**Information provided**
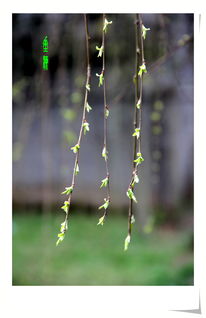 校園春意盎然作文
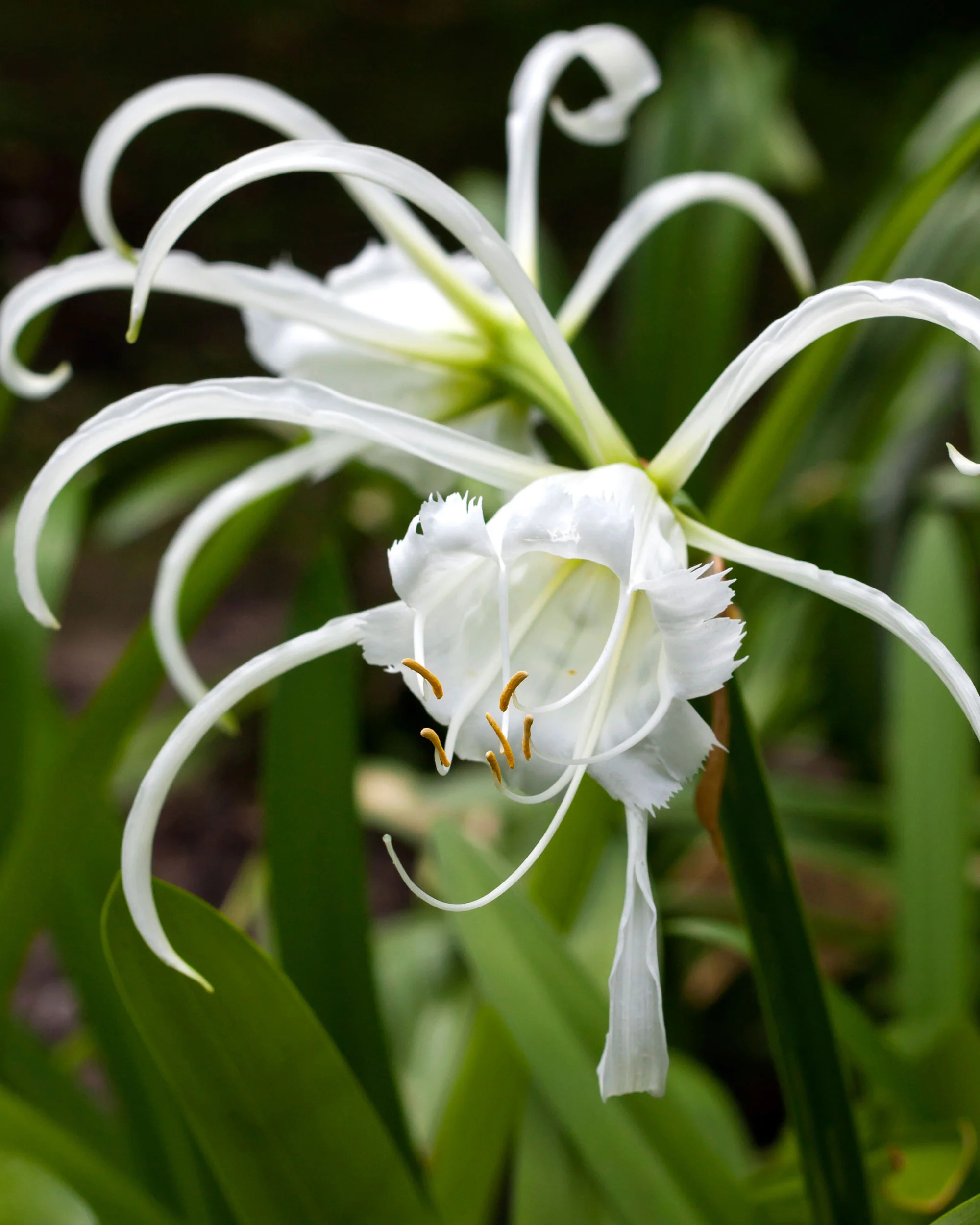 Hymenocallis littoralis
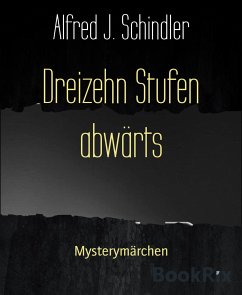 Dreizehn Stufen abwärts (eBook, ePUB) - Schindler, Alfred J.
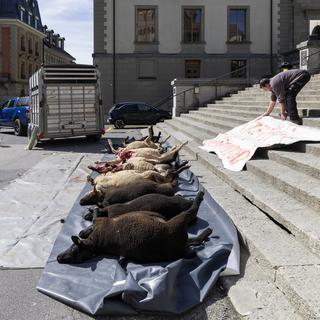 Les agriculteurs ont déposé à la mi-journée plusieurs cadavres de moutons devant le siège du Conseil d'Etat vaudois. [Keystone]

**Problem requirements**
Whenever you reach a picture, pass over it; print all the other material exactly.

**Solution for this task**
 校園春意盎然作文
 Hymenocallis littoralis
 Dreizehn Stufen abwärts (eBook, ePUB) - Schindler, Alfred J.
 Les agriculteurs ont déposé à la mi-journée plusieurs cadavres de moutons devant le siège du Conseil d'Etat vaudois. [Keystone]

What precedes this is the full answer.